→ **Work request**
From the first line to the last, repeat the data exactly and drop the pictures.

→ **Source material**
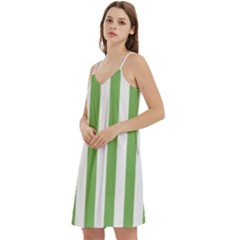 Mini Camis Dress With Pockets 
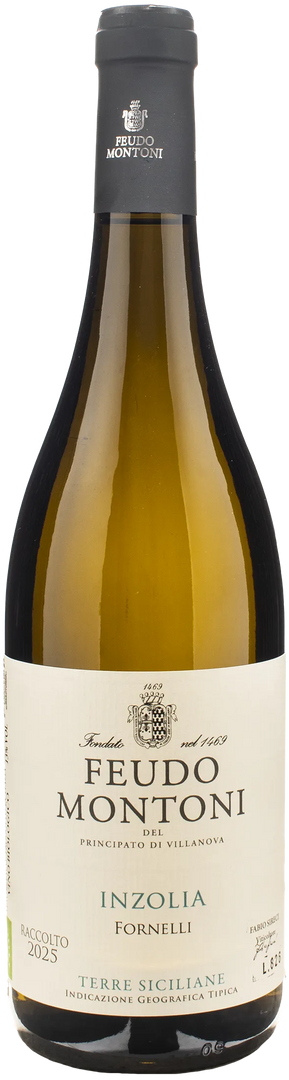 Feudo Montoni Inzolia Fornelli 2025 - Bottle Hero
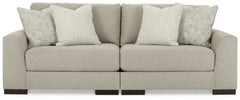 Lyndeboro 2-Piece Sectional Loveseat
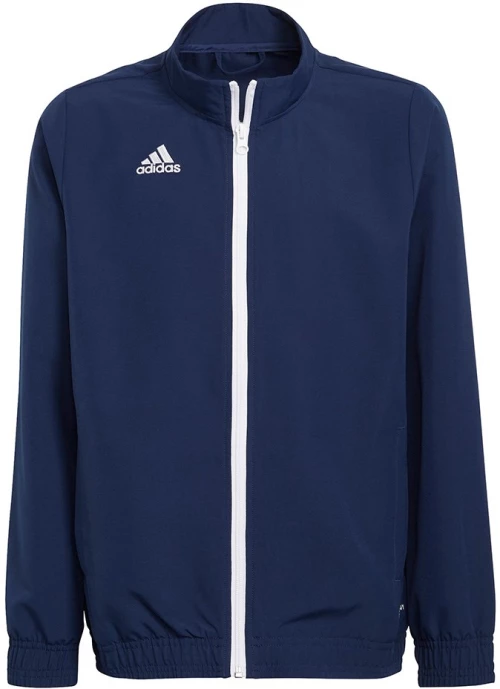 adidas Entrada 22 Presentation Jacket navy blue H57482 140cm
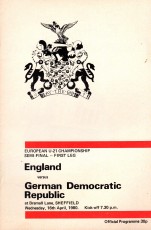 England v East Germany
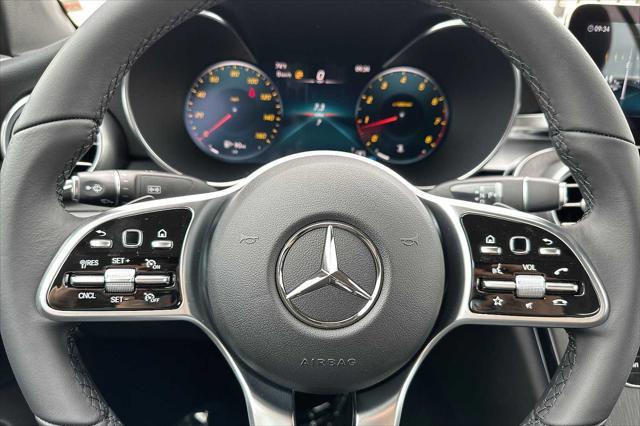 new 2023 Mercedes-Benz C-Class car, priced at $60,270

→ **Answer section**
 Mini Camis Dress With Pockets 
 Feudo Montoni Inzolia Fornelli 2025 - Bottle Hero
 Lyndeboro 2-Piece Sectional Loveseat
 adidas Entrada 22 Presentation Jacket navy blue H57482 140cm
 England v East Germany
 new 2023 Mercedes-Benz C-Class car, priced at $60,270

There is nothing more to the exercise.